Closely related to that ‘searching around online’, however, are possible less pleasant side effects. I will mention two. First, last year some students looked up alternative explanations for the diagonalization language and some things being incomputable, having come across a version of the barbershop paradox. Strictly speaking, it is not an alternative explanation of the same thing; or: if you are going to use that, it is a wrong analogy. I’ll explain why in class in a few weeks when we’ll cover chapters 8 and 9 of HMU.

Second, this year I have seen some non-notes students watching a YouTube video on the pumping lemma and on CFGs during the exercises in the lab; such repeats take up extra time. The note-takers, on the other hand, flicked through their pages in a fraction of the time, hence, were ahead in the exercises simply because they had used the lecture time more effectively. (And I generously assume that what was presented in the YouTube video was correct, which need not be the case; see previous point).

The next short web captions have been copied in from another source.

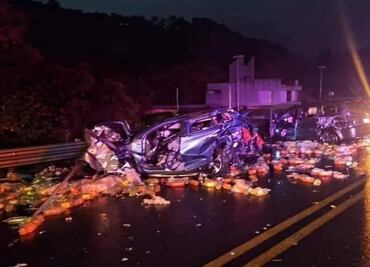 Revelan causa del accidente en la México-Tuxpan que dejó 6 muertos y 22 heridos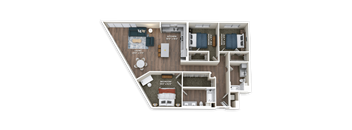 C2 Floor Plan at Panorama Riverpark, Oxnard, CA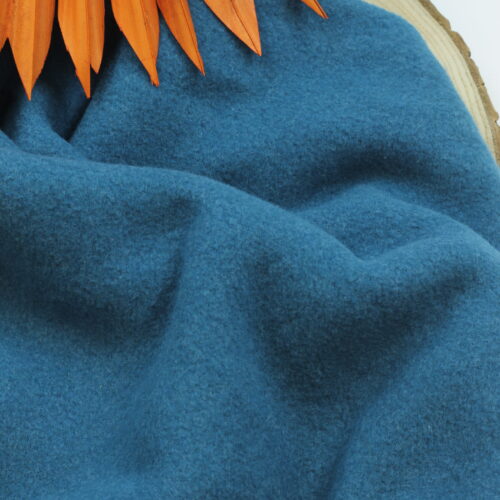 Organic Cotton Baumwollfleece "Petrol"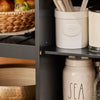 SoBuy FKW115-SCH Desserte de Cuisine Roulante Chariot de Service Multi-rangements Buffet Armoire de Cuisine, 1 Porte, 1 Grand Tiroir et 3 Crochets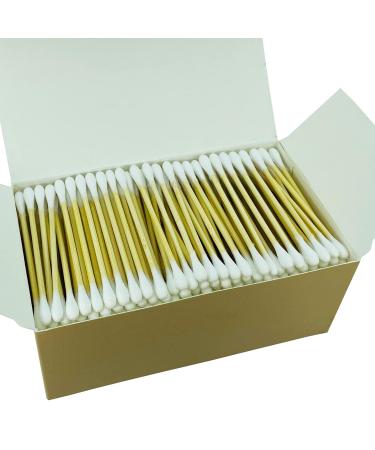 1050pcs CGR Organic Cotton Swabs - Double-Tipped Bamboo Sticks - Compostable - Travel Pack (3 Pack) - Buy Online on SooperMarket.com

This does not mean there is no room for improvement regarding teaching aids for Theory of Computing, which I’ve written about last year. This year I tried the AutoSim automata simulator and the CFG Grammar Editor again, which still does not have much uptake by the students, afaik, and I’m trying out Gradiance. The Gradiance system is an online MCQs question bank with explanations of the answers and hints in case the answer given was incorrect—i.e., turning the gained experience and knowledge about common conceptual mistakes into an educational feature)—and one can assign homework and grade assignments. The dedication to do the (optional) homework is dwindling since the 5th week into the semester, but the automatic grading and providing the option for self-study for the interested and/or determined-to-pass students are can be great (the system is almost cheat-proof, but not entirely).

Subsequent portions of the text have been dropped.